Divide and Fail

So I ran face first into a wall once more. Metaphorically, when coding, I mean. Well, I literally ran into a wall way back when, too, but this time I’m talking about a coding experience… I haven’t decided what’s worse yet.

Anyway, so it all began when I had to download some configuration files in an Android app. This was only a very minor task in the context of said app and I should probably also add that I don’t yet have as much experience in Android coding as I have in iOS programming. I know there are several libraries that provide extensive functionality for making all kinds of HTTP requests and such, but in the end I foolishly decided against including one in the app for such a minor task. Mind you, the idea was very simple: The user clicks a button, and a single, tiny JSON file was downloaded via HTTPS.

Surely, so I reasoned, there was something in the standard libraries allowing me to do that. I had done that often on iOS, piece of cake. And hey, look, there’s HttpsURLConnection, that seems similar to URLConnection on iOS!

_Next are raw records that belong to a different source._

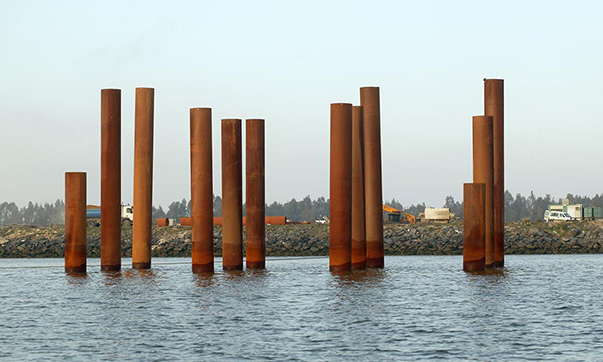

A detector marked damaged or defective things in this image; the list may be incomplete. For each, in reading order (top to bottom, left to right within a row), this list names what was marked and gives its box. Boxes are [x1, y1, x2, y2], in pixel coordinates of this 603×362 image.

rust stain on pipe [65, 172, 86, 272]
corroded metal surface [65, 172, 87, 272]
rusty steel pipe [65, 174, 87, 272]
rusty steel pipe [101, 89, 121, 272]
rust stain on pipe [101, 89, 121, 272]
corroded metal surface [101, 90, 121, 272]
rusty steel pipe [133, 87, 155, 268]
rust stain on pipe [133, 87, 155, 268]
corroded metal surface [133, 87, 155, 268]
rusty steel pipe [192, 109, 216, 272]
rust stain on pipe [192, 109, 216, 272]
corroded metal surface [192, 109, 216, 272]
corroded metal surface [222, 118, 243, 268]
rust stain on pipe [222, 120, 243, 270]
rusty steel pipe [222, 119, 243, 272]
rusty steel pipe [247, 119, 266, 268]
rust stain on pipe [247, 119, 266, 268]
corroded metal surface [247, 119, 266, 268]
corroded metal surface [330, 103, 354, 270]
rusty steel pipe [330, 102, 354, 272]
rust stain on pipe [330, 102, 354, 272]
rusty steel pipe [360, 87, 384, 268]
rust stain on pipe [360, 87, 384, 268]
corroded metal surface [360, 87, 384, 268]
corroded metal surface [464, 182, 488, 270]
rusty steel pipe [464, 184, 488, 272]
rust stain on pipe [464, 184, 488, 272]
rusty steel pipe [472, 116, 496, 268]
rust stain on pipe [472, 116, 496, 268]
corroded metal surface [472, 116, 496, 268]
rusty steel pipe [486, 78, 504, 266]
rust stain on pipe [486, 78, 504, 266]
corroded metal surface [486, 78, 504, 266]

As a matter of fact, I had already used that before and for once was pleased it doesn’t come with inherent threading aspects, i.e. you have to process the connection synchronously. In another part of the app I took advantage of that since I had to synchronize a submission (i.e. a POST) to a server with local methods, so I already had a specific thread for that with all the stuff needed to issue calls and such. But I digress.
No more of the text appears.